The European Federation of Building and Woodworkers (EFBWW) is the European Workers’ Industry Federation for the following sectors: building, woodworking, forestry and allied industries and trades. The EFBWW has 77 affiliated unions in 36 countries and represents a total of 1,5 million members. The EFBWW is a member organisation of the European Trade Union Confederation (ETUC) and has its headquarters in Brussels, the capital of Europe.
The Federation's main mission is to represent its affiliates in Europe and help them defend the rights and interests of the workers in the industries it covers. Since the virtual completion of the European Market, and especially since the conclusion of the Amsterdam Treaty, strong representation in Brussels has become all the more important. The European Union has now become a legislative entity in its own right, but in our view it still has some catching up to do in terms of developing its social dimension. The EFBWW also provides a framework for union cooperation and the coordination of action taken in the industries we represent.
The EFBWW is in favour of European integration in the interest of Europe’s workers and citizens. We see European integration as a means to uphold fundamental rights for all workers and citizens and as a bulwark to protect Europe’s democratic institutions, such as the rule of law and freedom of speech. As a consequence, the EFBWW does not intend to work together with, or seek support from, right-wing populist parties.
The EFBWW demands the inclusion of a Social Progress Protocol to the EU Treaty at the next Treaty change. In addition, the EFBWW proposes that the EU accedes to the European Social Charter of the Council of Europe, an international charter of fundamental rights, in which the right to strike and the right to bargain collectively is firmly laid down.

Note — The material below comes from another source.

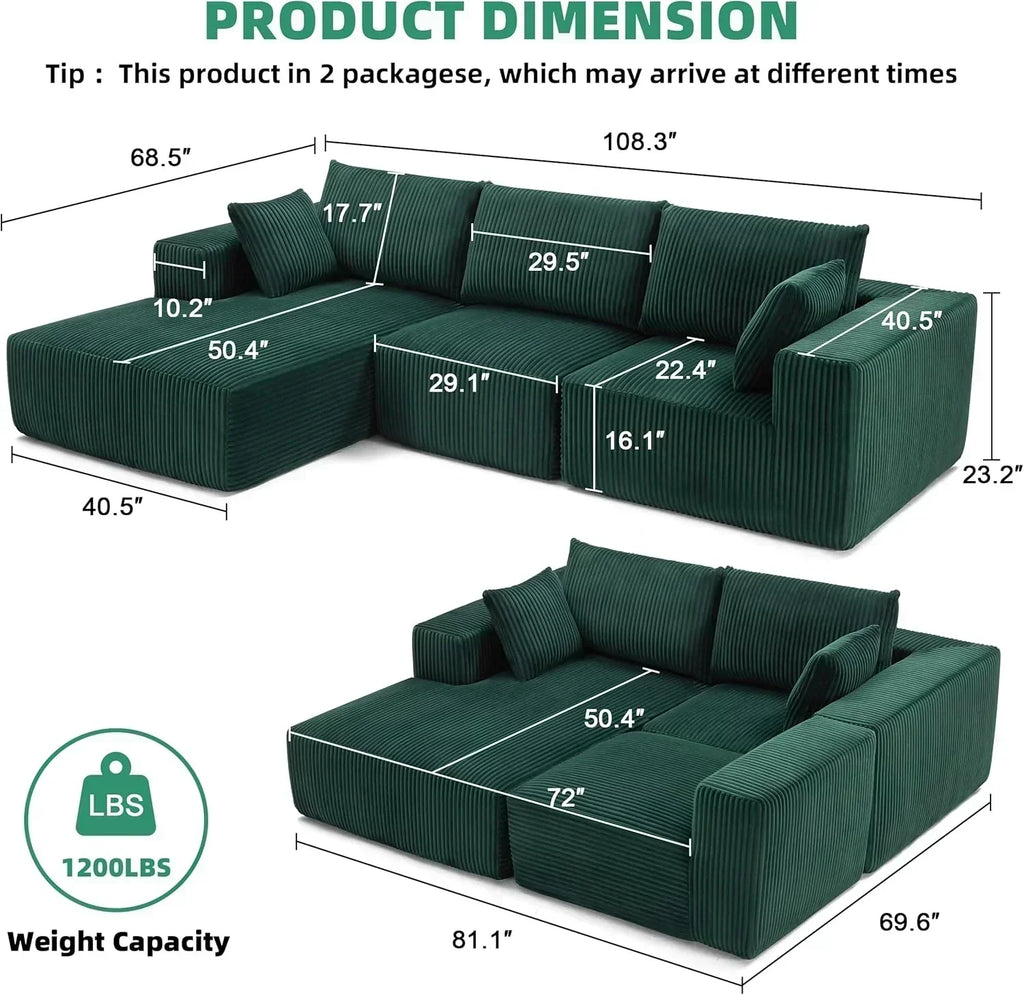 108-inch modular sofa cloud modular sofa with deep seat and reclining chair upholstered sofa wourant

The EFBWW activities are based on decisions taken and an action programme adopted at the General Assembly, which is held every four years. The action programme outlines the Federation's main activities and tasks. In a nutshell, we deal with the labour market, migration, capacity building, industrial relations, health and safety issues, worker representation in multinational companies. Together with the ETUC and the other European Industry Federations we are striving to achieve a more social Europe. The EFBWW is closely cooperating with the Building and Woodworkers’ International (BWI).